B. Comparisons with previous studies
One concern is that the large number of subjects precluded extended practice in any of the tasks before measurement. It may be, therefore, that the thresholds obtained by our listeners do not reflect the sensory limits of FM or AM detection, but rather reflect more cognitive or procedural limitations that might have been overcome by further training. To test for this possibility, we compared our thresholds with those reported in the literature from smaller, more practiced, groups of subjects.
In general, although listeners completed only 3–6 runs for each condition, average diotic FMDLs and AMDLs are comparable to those from well-trained listeners in the psychoacoustic literature. For example, the average peak-to-peak frequency change (2Δf) across all 100 participants was 0.6% for slow FM and 0.81% for fast FM. Using three well-trained listeners with a 500-Hz carrier and similar slow and fast modulation rates, the average FMDLs for Moore and Sek (1996) were 0.9% for fm = 2 Hz and 1.3% for fm = 20 Hz. It is possible that our FMDLs may be slightly better than the trained listeners in the earlier study because the durations of our stimuli were twice as long (2 s, as opposed to 1 s). Demany and Semal (1989) also used a 2-s duration, trained their participants until thresholds were stable, and obtained similar average FMDLs [fm = 1 Hz: M = 0.732%; fm = 16 Hz: M = 0.902%]. Notably, our listeners were first exposed to FM and AM tones via the dichotic tasks, so they were not completely untrained with respect to exposure to FM or AM.
Our AMDLs are not as straightforward to compare with values in the literature, as most previous studies have used a different carrier frequency, modulation rate, and/or methods of measurement (e.g., constant stimuli procedures to calculate d′).
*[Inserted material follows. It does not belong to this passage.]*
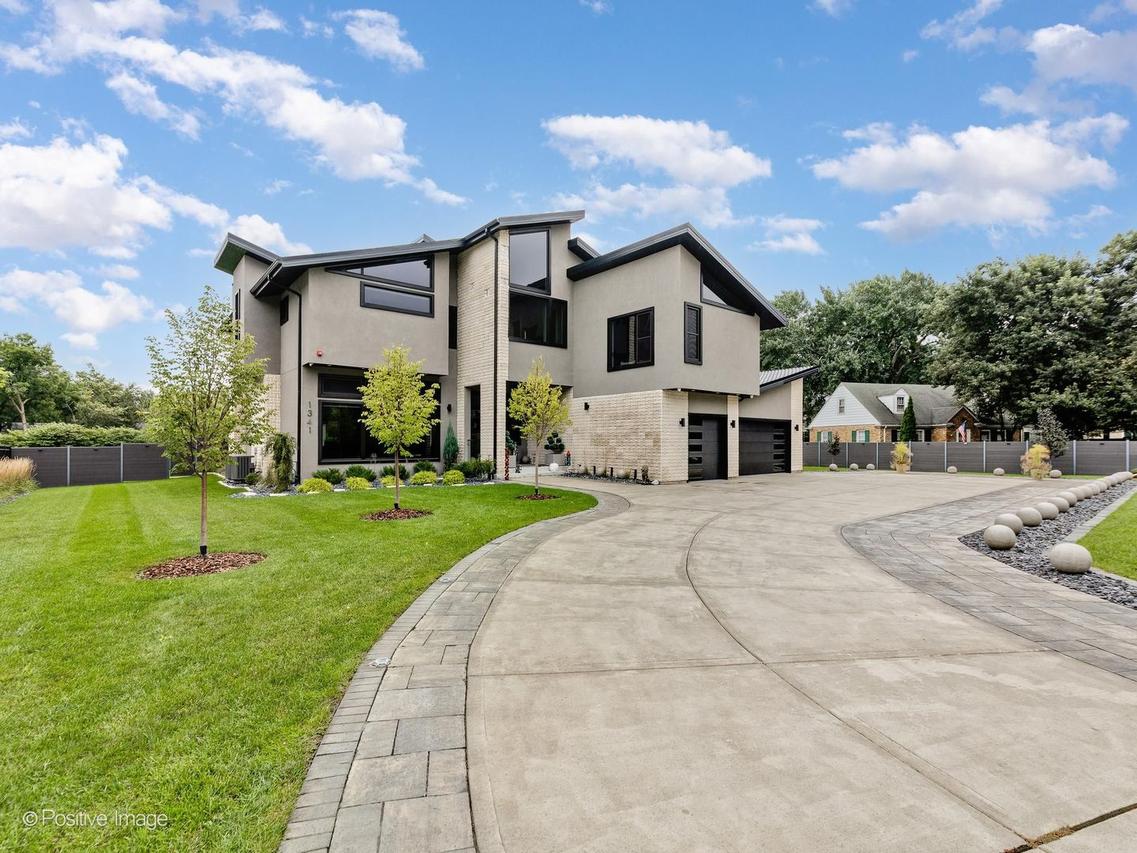 1341 Pfingsten Rd., Northbrook, IL 60062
To make comparisons across studies, measures of d′ from previous literature were transformed to approximate the 79% correct point. AMDLs are reported in 20 log(m). All studies reported used a 2-interval, 2-alternative forced choice procedure. The average AMDLs across the 100 listeners from the current study were −17.6 dB for slow AM and −25.0 dB for fast AM. This is roughly comparable to that found by Moore and Sek (1996) using a higher carrier frequency (e.g., M = −23.0 dB for fc = 1 kHz and fm = 2 Hz). With the same 1-kHz carrier and three listeners with “extensive practice,” Moore and Sek (1995) reported average AMDLs of ∼−17.7 dB for fm = 2 Hz and −26.0 dB for fm = 10 Hz, very similar to our mean results.
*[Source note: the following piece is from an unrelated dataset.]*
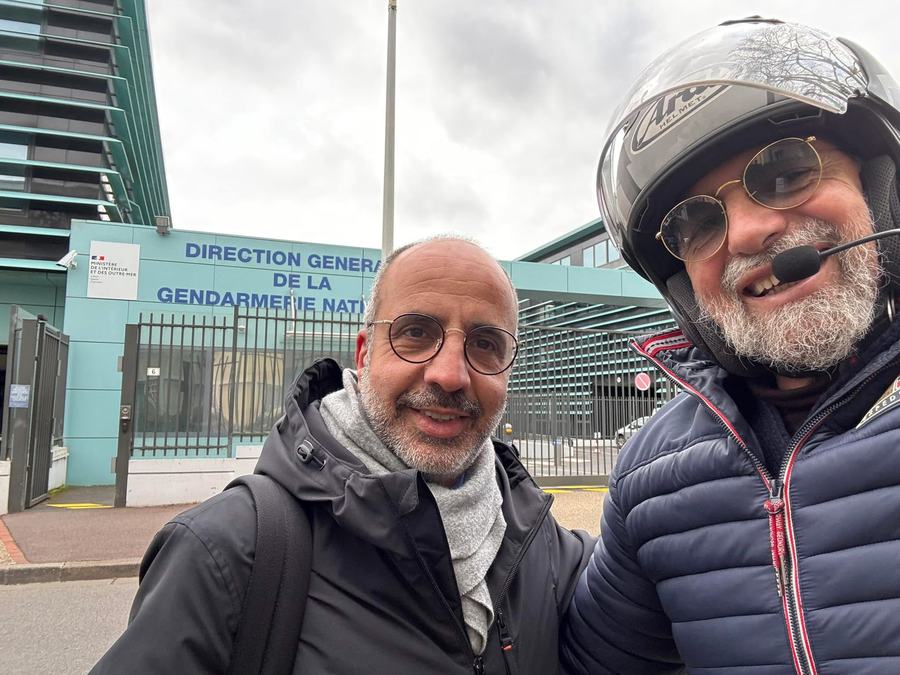 Roddy et un voyageur devant l'aéroport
To our knowledge, only one other study has measured dichotic FMDLs (Grose and Mamo, 2012). In this study, young listeners trained on dichotic FM until thresholds “appeared stable,” and stable performance was achieved with just an average of 1.6 practice runs. Grose and Mamo (2012) used a similar low carrier (frequency roved: 460 ≤ fc ≤ 540) and slow modulation rate (fm = 2 Hz), and obtained comparable thresholds (2Δf = 0.17% in Grose and Mamo vs 2Δf = 0.12% in the present study). There are several methodological differences that may account for better thresholds in our study: Grose and Mamo (2012) (1) roved the carrier frequency, (2) had a pure tone reference instead of an FM tone as a reference, and (3) used a three-interval task as opposed to a two-interval task.
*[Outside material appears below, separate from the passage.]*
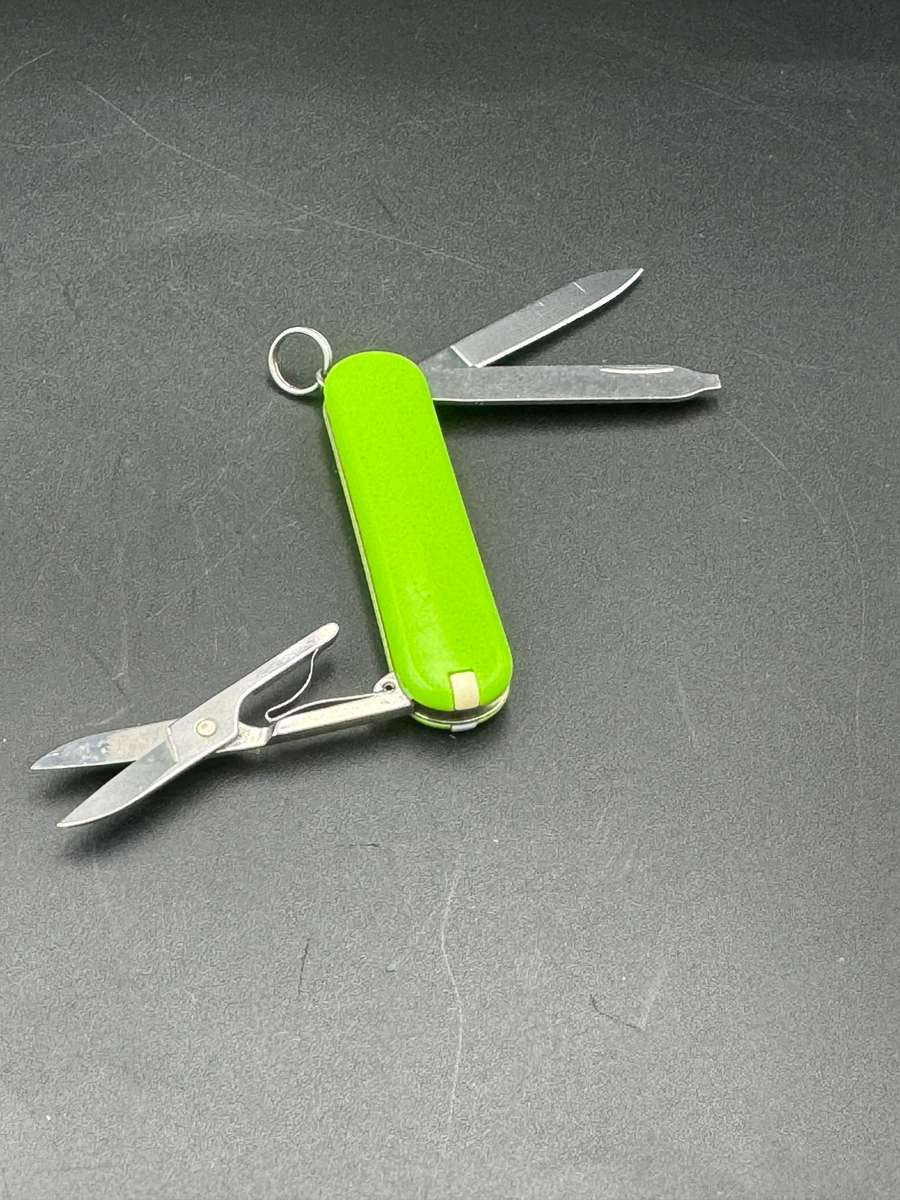 Victorinox Classic Trans Limey Green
In summary, despite the relatively small amount of practice provided to our subjects, the average FM and AM thresholds obtained in our study are very comparable to those reported in earlier studies. It seems unlikely, therefore, that the lack of clear differences based on underlying coding mechanisms reflects generally poor performance on the part of our subjects.
C. Analyses of subsets of data
Another way to address the potential effects of generally poor performance is to examine the results from a subset of better performers. The rationale is that the subjects with the lowest thresholds are most likely to have reached their sensory limits and so are more likely to reflect variance based on sensory limitations. To test this hypothesis, we reanalyzed the data from the “best” 30 and “worst” 30 listeners, based on their values for the first component in the PCA, and retested the idea that fast FMDLs should be predicted by a combination of fast AMDLs and masking slope. If the best 30 listeners' results more closely reflect sensory limitations, then the correlations should be higher in that group than in the whole group. In fact, the correlations between measured and predicted FMDLs did not reach significance for either the best 30 listeners (slow FM: r = 0.15, p = 0.21; fast FM: r = 0.22, p = 0.12) or the worst 30 listeners (slow FM: r = 0.18, p = 0.17; fast FM: r = 0.09, p = 0.32). The lack of correlation can probably be explained by the reduced range of thresholds in the relevant modulation-detection tasks, but also suggests that the main findings of this study are not due solely to poor performers being limited by non-sensory factors.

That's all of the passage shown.